FDA grants orphan drug designation to oral frontotemporal dementia treatment

The FDA has granted orphan drug designation to an oral, investigational, small-molecule therapeutic developed to treat frontotemporal dementia.

In a press release, drug manufacturer CervoMed said the ruling was based on results from the AscenD-LB phase 2a clinical trial. Researchers found that treatment with neflamapimod significantly improved dementia severity as measured by Clinical Dementia Rating Sum-of-boxes, as well as functional mobility assessed through the Timed Up and Go Test, compared with placebo.

Further, according to the release, treatment effects with neflamapimod in those with early-stage dementia with Lewy bodies (DLB) were significant when compared with the overall patient population.

The company also stated that neflamapimod demonstrated a favorable safety profile and was generally well-tolerated in a pair of early-stage clinical trials involving 300 participants with the rare, neurodegenerative condition.

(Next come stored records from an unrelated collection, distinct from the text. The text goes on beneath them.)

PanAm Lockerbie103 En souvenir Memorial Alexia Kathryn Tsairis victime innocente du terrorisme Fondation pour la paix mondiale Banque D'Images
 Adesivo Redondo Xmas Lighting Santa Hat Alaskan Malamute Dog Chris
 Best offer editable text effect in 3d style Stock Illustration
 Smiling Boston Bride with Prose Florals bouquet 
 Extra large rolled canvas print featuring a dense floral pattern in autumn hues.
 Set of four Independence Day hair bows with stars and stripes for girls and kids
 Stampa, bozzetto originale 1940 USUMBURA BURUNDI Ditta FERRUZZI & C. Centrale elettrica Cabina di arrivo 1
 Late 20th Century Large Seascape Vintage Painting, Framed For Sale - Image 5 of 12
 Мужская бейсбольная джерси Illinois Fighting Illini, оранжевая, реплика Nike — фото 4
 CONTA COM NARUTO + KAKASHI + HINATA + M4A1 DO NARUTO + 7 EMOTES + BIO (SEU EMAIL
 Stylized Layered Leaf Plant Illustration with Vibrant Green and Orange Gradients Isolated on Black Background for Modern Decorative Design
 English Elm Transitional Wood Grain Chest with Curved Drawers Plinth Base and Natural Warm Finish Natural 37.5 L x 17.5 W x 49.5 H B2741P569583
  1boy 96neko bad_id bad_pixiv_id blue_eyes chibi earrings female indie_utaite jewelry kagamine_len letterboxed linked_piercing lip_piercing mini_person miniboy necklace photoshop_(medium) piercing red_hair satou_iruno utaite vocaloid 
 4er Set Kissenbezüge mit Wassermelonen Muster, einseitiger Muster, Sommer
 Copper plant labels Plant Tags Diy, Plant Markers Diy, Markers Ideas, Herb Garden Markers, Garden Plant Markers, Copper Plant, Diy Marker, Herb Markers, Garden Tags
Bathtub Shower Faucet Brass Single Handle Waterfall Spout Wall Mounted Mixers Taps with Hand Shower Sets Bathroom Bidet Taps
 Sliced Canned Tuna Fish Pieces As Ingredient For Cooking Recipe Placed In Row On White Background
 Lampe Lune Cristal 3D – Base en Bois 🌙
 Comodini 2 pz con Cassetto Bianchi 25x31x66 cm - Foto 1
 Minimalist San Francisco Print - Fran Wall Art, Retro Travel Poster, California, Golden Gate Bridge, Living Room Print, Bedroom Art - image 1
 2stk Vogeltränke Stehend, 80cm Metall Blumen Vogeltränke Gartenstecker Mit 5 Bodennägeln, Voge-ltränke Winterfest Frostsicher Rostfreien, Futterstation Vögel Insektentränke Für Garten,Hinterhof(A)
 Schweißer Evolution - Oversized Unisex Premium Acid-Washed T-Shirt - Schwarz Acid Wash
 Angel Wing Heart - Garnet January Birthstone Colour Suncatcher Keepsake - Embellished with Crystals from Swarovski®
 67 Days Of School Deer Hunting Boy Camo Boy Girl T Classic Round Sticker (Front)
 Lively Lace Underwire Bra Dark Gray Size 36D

Neflamapimod is also under investigation in the ongoing RewinD-LB phase 2b study, a randomized, double-blind, placebo-controlled clinical trial evaluating thrice-daily 40 mg oral neflamapimod in 159 patients with early-stage DLB over 16 weeks. Topline results are expected sometime before the end of the year, the company said.

“We are pleased to have received orphan drug designation as it implicitly recognizes the scientific rationale and potential for neflamapimod to treat this debilitating condition. Patients diagnosed with frontotemporal dementia have no available treatment options, and this rare condition is extremely burdensome to patients and caregivers alike,” CervoMed CEO John Alam, MD, said in the release. “We are in active discussions with clinical thought leaders regarding the design of a proof-of-principle study, while continuing to prepare to advance neflamapimod into a phase 3 trial in mid-2025.”